Een gespecialiseerde polikliniek voor boezemfibrilleren vermindert het aantal heropnames en van het risico op overlijden aanzienlijk. Door de inzet van gespecialiseerde verpleegkundigen en betere naleving van richtlijnen kan het risico hierop worden gehalveerd.

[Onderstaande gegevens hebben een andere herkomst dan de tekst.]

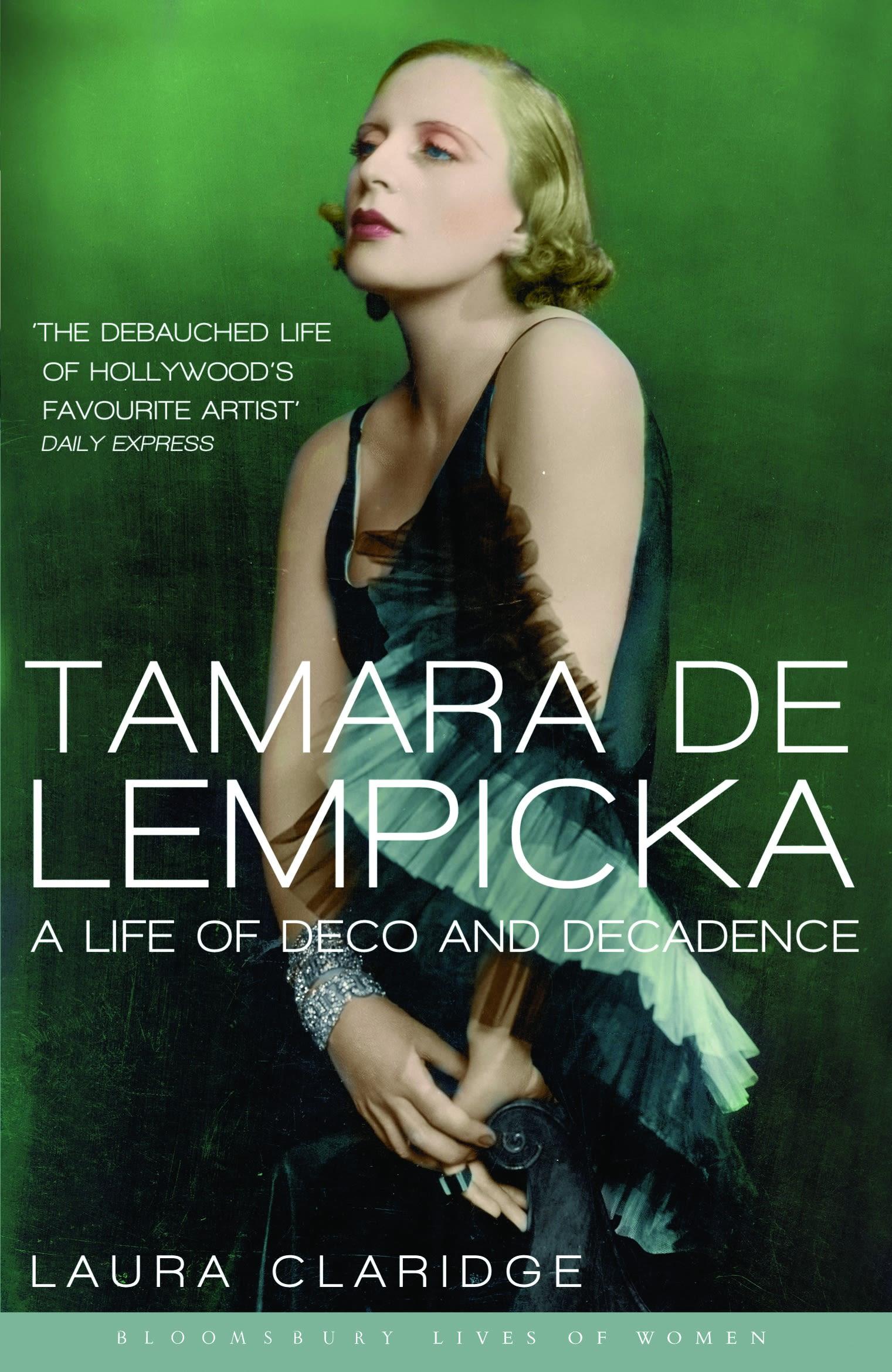 Vorderes Coverbild Tamara De Lempicka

Dat concluderen Maastrichtse onderzoekers op basis van onderzoek in acht Nederlandse ziekenhuizen. Het vooraanstaande wetenschappelijk tijdschrift European Heart Journal publiceert deze week hun resultaten.
Coördinatie
In totaal werden 1354 patiënten onderzocht, van wie ongeveer de helft werd gezien door een cardioloog op de reguliere poli en de andere helft door de verpleegkundig specialist op de atrium fibrilleren (AF)-poli. In de gespecialiseerde AF-poli is niet de cardioloog in de lead, maar is een coördinerende rol weggelegd voor een verpleegkundig specialist. Die wordt hierbij ondersteund door een digitaal hulpsysteem. Deze opzet leidt er blijkens het onderzoek toe dat de richtlijnen beter worden nageleefd. Meer ‘ervaren’ ziekenhuizen wisten risico op heropnames en overlijden met maar liefst 48 procent te verminderen. In andere, minder ervaren ziekenhuizen waren er geen verschillen tussen de twee poliklinieken.
Ervaring
“We laten nu zien dat de winst met name is te zien bij de ervaren ziekenhuizen”, zegt onderzoekscoördinator en verpleegkundig specialist Petra Wijtvliet. “Maar uiteindelijk verwachten we die winst ook te boeken naarmate andere ziekenhuizen meer ervaring gaan opdoen.”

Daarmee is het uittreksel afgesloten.